Può forse tornare utile un breve ripasso “eretico”.
In Italia, come sappiamo, nel 1991, furono istituite 26 Procure Distrettuali Antimafia, e una Procura Nazionale. Accanto, e sottoposte, speciali unità investigative: le DIA. Quando si dice che le volle Falcone, si dice una cosa a metà. Falcone avrebbe voluto una Procura Nazionale “operativa”, e le distrettuali “serventi”; e non un Ufficio, sostanzialmente, di semplice coordinamento. Questo perché era consapevole del carattere eccezionale dell’istituto e, quindi, della sua necessaria temporaneità.
Il disegno di legge che venne approvato, fu pertanto un accomodamento. Ambiguo. Proprio perché lo svilimento della Procura Nazionale ha permesso di scolorire il carattere temporaneo del Sistema Antimafia. La mafia è un fenomeno umano, sosteneva; e come tutti i fenomeni umani, finirà. Il Sistema Antimafia, da Falcone, era stato pensato a termine.
Per tale ragione, si poteva congegnare il carattere “operativo” di un vertice nazionale investigativo ed accusatorio. Accusatorio: perché aveva iscritto il “suo” sistema nel più ampio campo della separazione delle carriere e della sottopozione del Pubblico Ministero a forme più adeguate di controllo: “finora reso praticamente irresponsabile da una visione feticistica della obbligatorietà dell’azione penale e dalla mancanza di efficaci controlli della sua attività.” Sappiamo anche che fu considerato, letteralmente, poco meno che un delinquente, per questo disegno.
Pertanto, l’impronunciabile, l’indicibile, è il carattere temporaneo del Sistema normativo Antimafia: ordinamentale e processuale. Che, senza la Mafia (qui, al maiuscolo, perché vale come Grundnorm), è entrato in crisi di identità. Il “senza la mafia”, è comprovato da tutti i tentativi, riusciti, e in via di espansione, di riscrittura del “fenomeno mafioso”.
In questa opera, il Sistema Antimafia istituzionale è stato coadiuvato: con spirito collaborazionistico.
Dall’intelligentja comme il faut, sua banditrice. Micromega, Corriere e Repubblica, persino più simili del solito, nelle orecchianti catechesi mafiologiche, oltre, naturalmente, al Fatto Quotidiano, in maschera di “oppositore interno” a Salvini.
Si omette di ricordare nominalmente certa dottrina penalistica, benché essenziale: perché sfugge al prevalente discorso pubblico; come pure la prevalente giurisprudenza (cioè, i Giudici, di merito e di legittimità, “Colleghi” dei PM Antimafia in assetto eterno); ma basterá qui averne rammentato l’esistenza.

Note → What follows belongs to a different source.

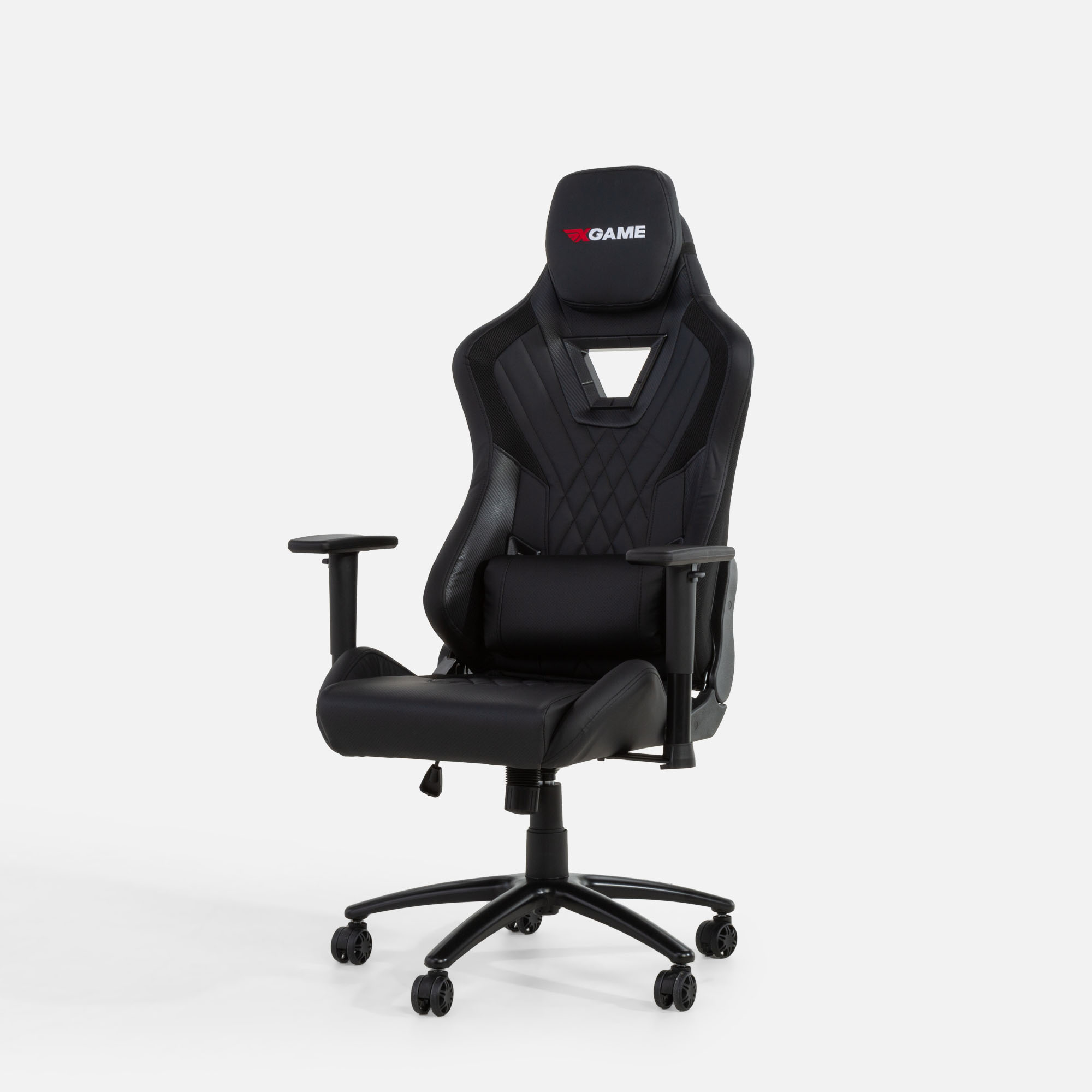 Fotel Gamingowy, Ergonomiczny z Poduszką Lędźwiową i Zagłówkiem, Czarny Mewino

D’altra parte, “Il latinorum”, ha sempre imperversato in ragione inversamente proporzionale alla sua inattingibile distanza e misteriosa incomprensibilità.
Salvini “Il Liberatore”, dunque. Salvini, “Il Nipotino dell’Antimafia”.
La quale, se non ci sono più i duecento omicidi l’anno chiusi nell’ombra della paura e del silenzio, si accontenta delle testate di un semiborgataro, esibite a beneficio di telecamera. Se non c’è più il controllo mondiale nella distribuzione e raffinazione di stupefacenti, non disdegna il flusso di una pompa di benzina.
Se “sa, ma non ha le prove”, può sempre ricercare “influenze”, “vicinanze” e simili altri fantasmi persecutori, che il trucco immorale delle cd Misure di Prevenzione, giudiziarie e prefettizie, autorizza e favorisce.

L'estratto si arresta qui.